Sérgio Abranches, cientista político brasileiro e autor da classificação presidencialismo de coalizão, descreve, em entrevista à Nexo, que a “articulação política é a ação de liderança do presidente e de seus líderes de governo, seus líderes de partido, para manter a coalizão coesa e convencida da necessidade de votar a agenda do presidente”. No caso brasileiro, a articulação tem gerado uma política baseada no princípio descrito como “toma lá e da cá”, i.e., o governo consegue assegurar uma maioria parlamentar através da cedência de recursos públicos em favor dos congressistas que suportam a agenda do governo no Congresso.
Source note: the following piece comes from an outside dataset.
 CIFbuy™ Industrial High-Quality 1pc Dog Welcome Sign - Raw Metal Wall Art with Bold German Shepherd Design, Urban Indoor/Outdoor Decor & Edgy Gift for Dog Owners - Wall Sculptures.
Instaura-se, por conseguinte, uma rede clientelar em torno dos congressistas brasileiros. Sem este incentivo político, o parlamentar torna-se um actor de bloqueio da agenda do presidente e faz oposição ao executivo. Vigorosamente, o parlamentar tem legitimidade eleitoral para actuar contra a agenda apresentada pelo governo, na medida em que o seu mandato não está associado ao do executivo. São órgãos distintos e com agendas distintas. Ou seja, aplica-se o princípio de checks and balances, típico do desenho institucional presidencialista.
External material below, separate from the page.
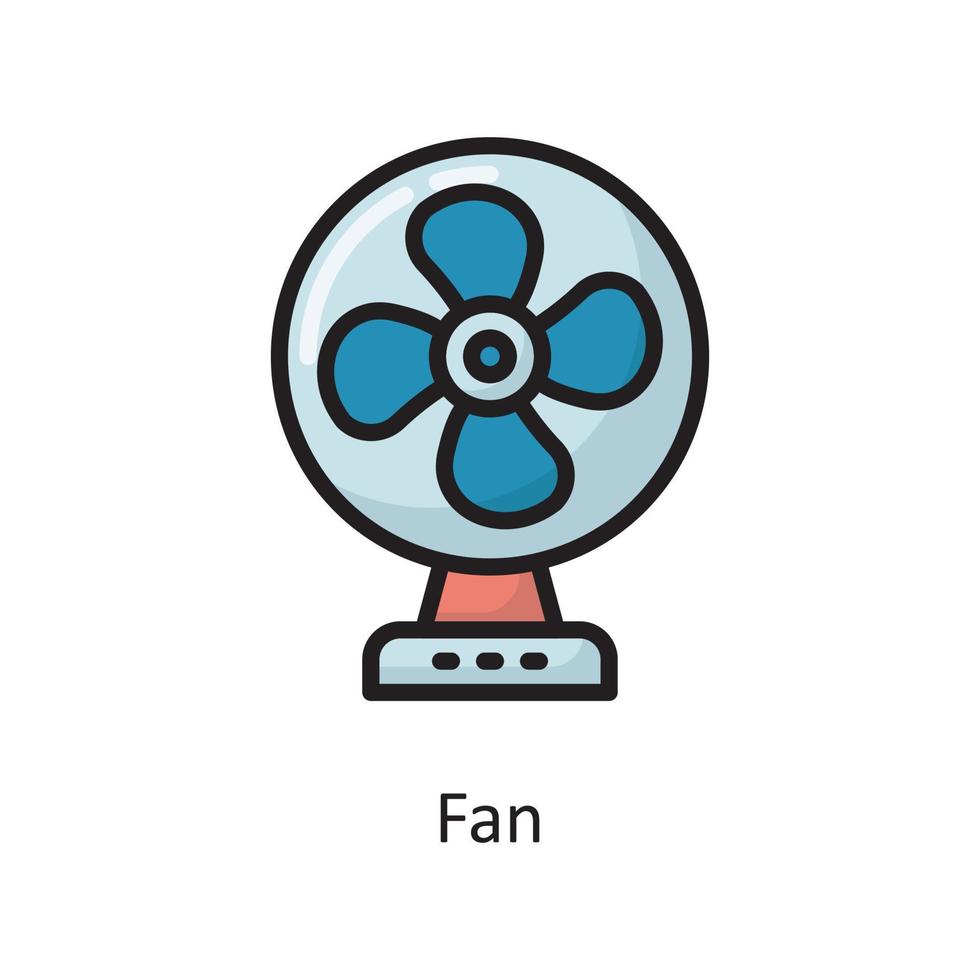 illustration de conception d'icône de contour rempli de vecteur de ventilateur. symbole d'entretien ménager sur fond blanc fichier eps 10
Podemos, assim, sintetizar que a articulação política procura ser um meio eficiente e eficaz de criar condições de governabilidade num sistema de checks and balances ou de fragmentação partidária, com três ou mais partidos, onde a agenda do governo unipessoal depende obrigatoriamente da aprovação do parlamento.

No entanto, hoje utiliza-se este conceito de uma forma lata e extensiva. Por exemplo, os jornalistas portugueses descrevem que o Governo de António Costa apresenta uma fraca ou nenhuma coordenação e articulação política no seio do próprio Governo. O que acaba por gerar um desgaste e fragiliza mediaticamente o governo.
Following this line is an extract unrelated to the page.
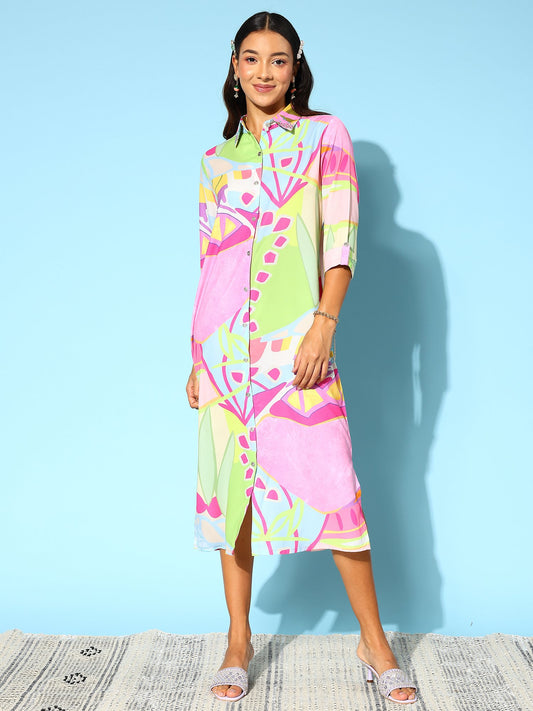 Indo Era Print Shirt Midi Dress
A coordenação e a articulação política pressupõem, desde logo, que o governo é uma orquestra e os seus membros são músicos que devem interpretar, magistral e harmoniosamente, qualquer tipo de sinfonia. Assim sendo, a governabilidade representa, acima de tudo, eliminar as contradições e tensões entre as diferentes sensibilidades do governo. Ou seja, a democracia não deve existir dentro de um governo plural, visto que tal seria entendido como desarticulação política.

Vejamos, por exemplo, o caso do debate entre a Ministra Marina Silva, com a pasta do ambiente, e o Ministro Alexandre Silveira, com a pasta de Minas e Energia, ambos do governo de Lula da Silva. O ministério liderado por Marina Silva negou, através do IBAMA, a licença para a perfuração de um poço exploratório requerida pela Petrobras, na chamada margem equatorial na foz do rio Amazonas, opondo-se, assim, ao Ministro Silveira e à Petrobras, que defendem a exploração de petróleo na região.

Esta tensão acaba por evidenciar que o Governo encerra, em si, contradições e essas tensões servem como um elemento essencial para evitar um governo preso a uma eficácia presente e sem pensar numa agenda futura, onde questões de longo prazo também devem ser atendidas, sobretudo no que diz respeito ao meio ambiente e aos recursos necessários às gerações vindouras. A chamada desarticulação política pode representar governos compostos por ministros pensantes e dotados de espírito crítico e pode, muitas vezes, significar ganhos para o bem-estar colectivo.

O autor escreve de acordo com a antiga ortografia.